This guide is about deleting branches in Git. There’s a few ways I break down how to do it from manual effort to maximum automation and every step explained in between. To skip that and get to the good stuff, click here.

Deleting branches in Git can be confusing and at times harrowing for folks getting started. The distributed nature of Git allows for remotes to have copies of branches and your local machine to have copies of branches. Over time, you can create a large number of branches that exist in both places. If you delete your remote branches outside of your Git repository, such as on GitHub, then you still need to delete them from your local repository. And, you can delete local branches, but that doesn’t actually delete them from the remote repository.

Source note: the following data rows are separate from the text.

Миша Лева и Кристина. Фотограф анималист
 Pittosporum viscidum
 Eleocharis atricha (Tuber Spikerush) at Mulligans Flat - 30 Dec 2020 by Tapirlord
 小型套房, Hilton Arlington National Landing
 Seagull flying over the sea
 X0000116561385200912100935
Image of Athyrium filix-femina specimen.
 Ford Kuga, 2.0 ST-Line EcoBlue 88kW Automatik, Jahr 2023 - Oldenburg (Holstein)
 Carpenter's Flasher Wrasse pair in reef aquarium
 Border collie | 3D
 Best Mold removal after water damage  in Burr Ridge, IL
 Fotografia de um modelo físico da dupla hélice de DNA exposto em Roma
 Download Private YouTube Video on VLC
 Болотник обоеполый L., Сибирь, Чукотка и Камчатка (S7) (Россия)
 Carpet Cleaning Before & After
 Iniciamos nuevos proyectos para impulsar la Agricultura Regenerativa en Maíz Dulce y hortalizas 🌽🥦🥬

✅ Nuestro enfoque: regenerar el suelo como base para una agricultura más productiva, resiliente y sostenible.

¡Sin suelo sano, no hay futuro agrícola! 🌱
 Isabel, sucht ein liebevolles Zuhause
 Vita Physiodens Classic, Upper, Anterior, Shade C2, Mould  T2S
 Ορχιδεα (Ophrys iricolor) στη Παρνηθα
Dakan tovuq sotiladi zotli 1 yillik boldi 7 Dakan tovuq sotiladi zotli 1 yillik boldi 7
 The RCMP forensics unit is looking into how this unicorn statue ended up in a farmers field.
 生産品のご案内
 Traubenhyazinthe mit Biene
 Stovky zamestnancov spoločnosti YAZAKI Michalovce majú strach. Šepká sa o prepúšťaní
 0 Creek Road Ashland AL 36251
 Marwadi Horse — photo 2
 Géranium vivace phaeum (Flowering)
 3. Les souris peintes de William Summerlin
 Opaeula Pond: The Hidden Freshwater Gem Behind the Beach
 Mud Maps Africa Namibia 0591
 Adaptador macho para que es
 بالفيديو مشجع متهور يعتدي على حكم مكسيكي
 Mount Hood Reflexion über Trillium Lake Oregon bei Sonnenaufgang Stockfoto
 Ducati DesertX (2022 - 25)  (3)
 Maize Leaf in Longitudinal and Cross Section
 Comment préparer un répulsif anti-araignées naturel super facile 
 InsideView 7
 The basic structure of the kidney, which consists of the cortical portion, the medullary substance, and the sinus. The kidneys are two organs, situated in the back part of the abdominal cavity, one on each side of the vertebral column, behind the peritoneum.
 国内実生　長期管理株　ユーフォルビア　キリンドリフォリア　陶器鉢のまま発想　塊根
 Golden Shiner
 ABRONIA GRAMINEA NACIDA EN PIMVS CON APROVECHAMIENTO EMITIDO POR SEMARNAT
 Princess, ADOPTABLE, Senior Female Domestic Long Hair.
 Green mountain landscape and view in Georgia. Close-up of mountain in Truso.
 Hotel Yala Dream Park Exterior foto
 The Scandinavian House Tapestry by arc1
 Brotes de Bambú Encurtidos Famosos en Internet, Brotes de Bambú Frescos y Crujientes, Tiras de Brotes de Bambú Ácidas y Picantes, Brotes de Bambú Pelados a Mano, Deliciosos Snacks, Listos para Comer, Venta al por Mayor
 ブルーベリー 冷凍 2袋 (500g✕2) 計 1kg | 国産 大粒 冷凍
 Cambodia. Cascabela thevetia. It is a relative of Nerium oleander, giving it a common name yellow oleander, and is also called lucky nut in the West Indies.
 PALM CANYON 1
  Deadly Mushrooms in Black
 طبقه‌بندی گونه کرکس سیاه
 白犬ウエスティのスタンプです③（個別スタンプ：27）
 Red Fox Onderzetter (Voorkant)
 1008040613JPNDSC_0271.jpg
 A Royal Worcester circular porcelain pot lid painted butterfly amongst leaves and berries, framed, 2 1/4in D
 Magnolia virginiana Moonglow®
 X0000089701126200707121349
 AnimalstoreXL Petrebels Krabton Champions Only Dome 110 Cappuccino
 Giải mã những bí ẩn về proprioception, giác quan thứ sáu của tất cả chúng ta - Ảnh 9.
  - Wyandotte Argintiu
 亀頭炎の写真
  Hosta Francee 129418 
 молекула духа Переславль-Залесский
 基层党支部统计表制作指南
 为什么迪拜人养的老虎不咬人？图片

Git has some features that easily allow you to do either of these activities easily. To really clean house though, you need to combine these commands to delete your local and remote stale branches from your local Git repository.

Deleting local branches

There are a lot of ways to delete local branches for Git. One of the more popular ways is to delete them each on by one running the delete flag on the branch command.


git branch --delete ${local_branch_name}

When you do this with the -d, --delete flag, it’ll delete the branch you choose. The command will give you an error if you attempt to delete a branch that hasn’t been merged upstream or if its commits aren’t currently in your HEAD. If you want to go ahead and delete the branch regardless, you run the -D flag which is a shortcut for --delete --force.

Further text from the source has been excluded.